A scroll without curling
Time does not stand still and to be able to allow for a nice big canopy on the façade, the outer curls were cut away from the scroll that bears the name of the cinema. Later Den Bosch got new requirements for advertising and shop fronts were to be restored in old style as far as possible. That's where I come in: I was asked if I could recarve those curls into new stone after the old picture.
Scaffolding, or rather not
The end result will be best when you can create something on the spot, then you know that everything fits. The disadvantage though is that you can not make any mistakes, there usually are lots of things in the way, one can not work properly around the pieces because they are embedded in existing blocks, and the most important thing is that nowadays no grain of dust is allowed in a residential area. No cutting, carving with a dust collector on top, and lord have mercy if a speck of dust should fall down.
Udelfanger sandstone
Therefore, I was glad I could carve it in my own workshop. I'm already not too fond of working on a scaffold, because everything takes one and a half times as long.
It's just much more cumbersome. With the profile templates I was supplied , the dimensions and some new Udelfanger sandstone blocks I went to work. Quite the different job for inbetweens.
Update 3 March 2017:
Bart Woudenberg of Slotboom Stonemasons Winterswijk sent me a photo taken during placement and wrote: "I have no pictures of the whole finished work. But here is one image of the left curl that I had on my phone. This was taken during the process of according. After that, we coloured the new pieces with KEIM and thus the the final result has become "perfect". If I happen to be near Den Bosch again I will one day try to take a photograph of the facade.’
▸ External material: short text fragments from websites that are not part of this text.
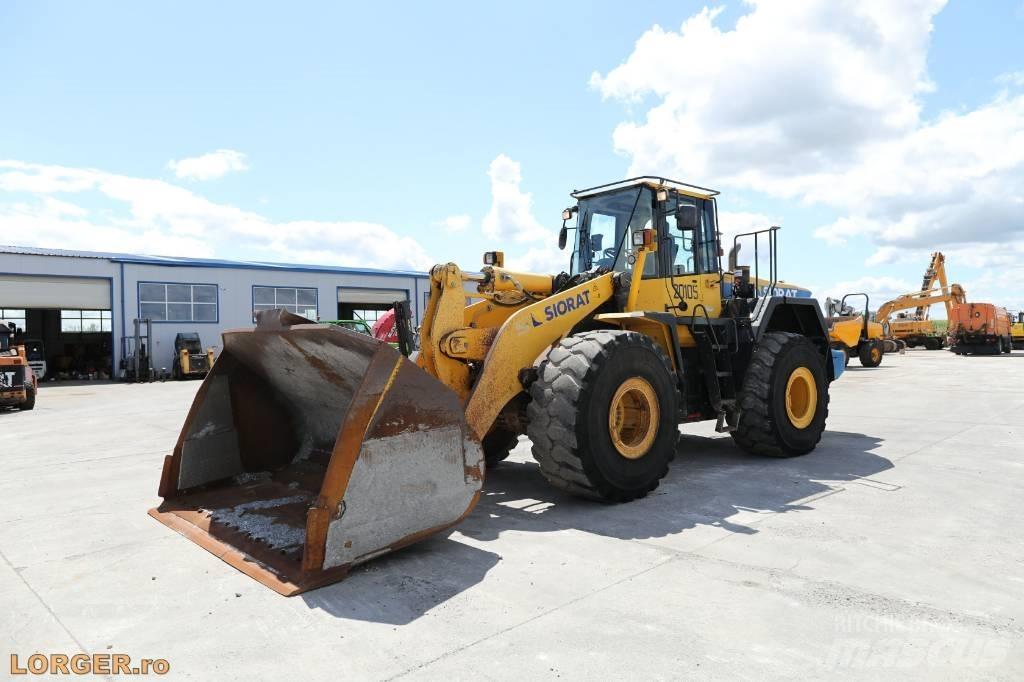 Komatsu WA 480-6H Pás carregadoras de rodas
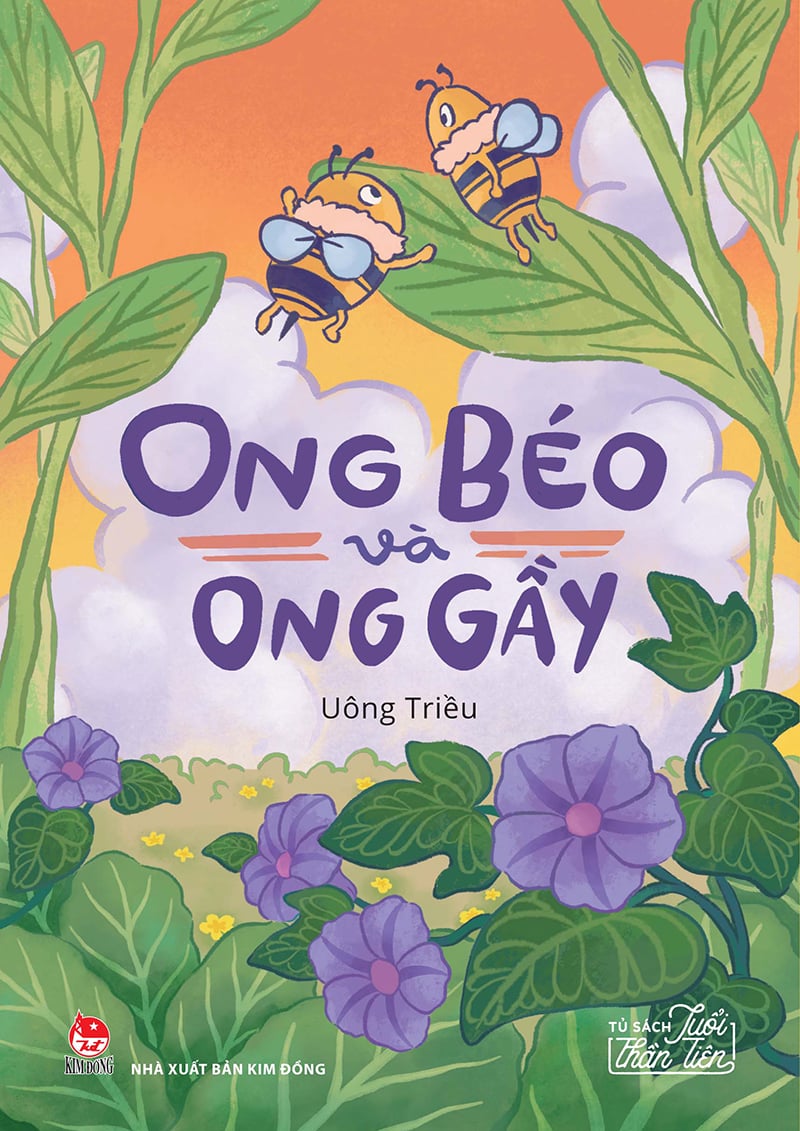 Tủ Sách Tuổi Thần Tiên - Ong Béo Và Ong Gầy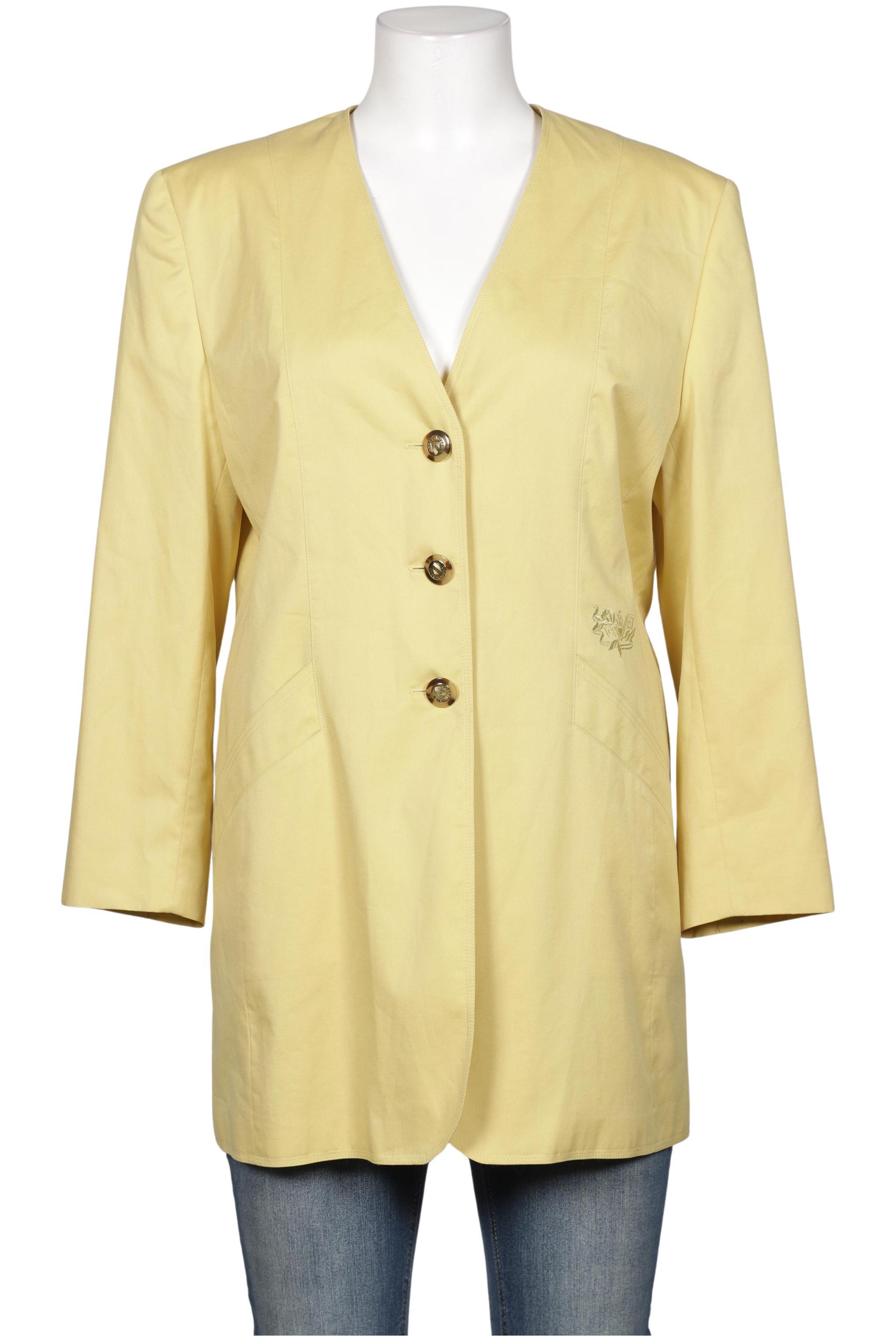 

Gerry Weber Damen Blazer, gelb, Gr. 38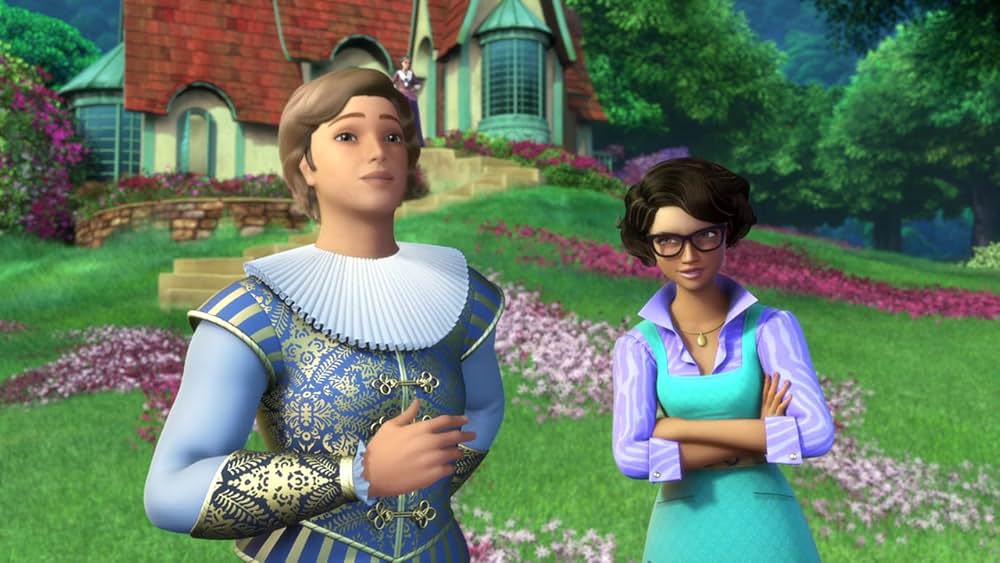 バービーと魔法のバレエシューズの画像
Adjusting the fit is the final process of adapting the newly made blocks in situ to the surrounding stone. Keim is a brand name for specific dyes, paints and mortars for natural stones. By the colouring of the fresh new stone the newly inserted blocks don't stand out as much, and it becomes one complete unit again. On the picture is shown how the stonemasons are adapting some of the edges of the new blocks by removing material. After that, it will all be finished smoothly.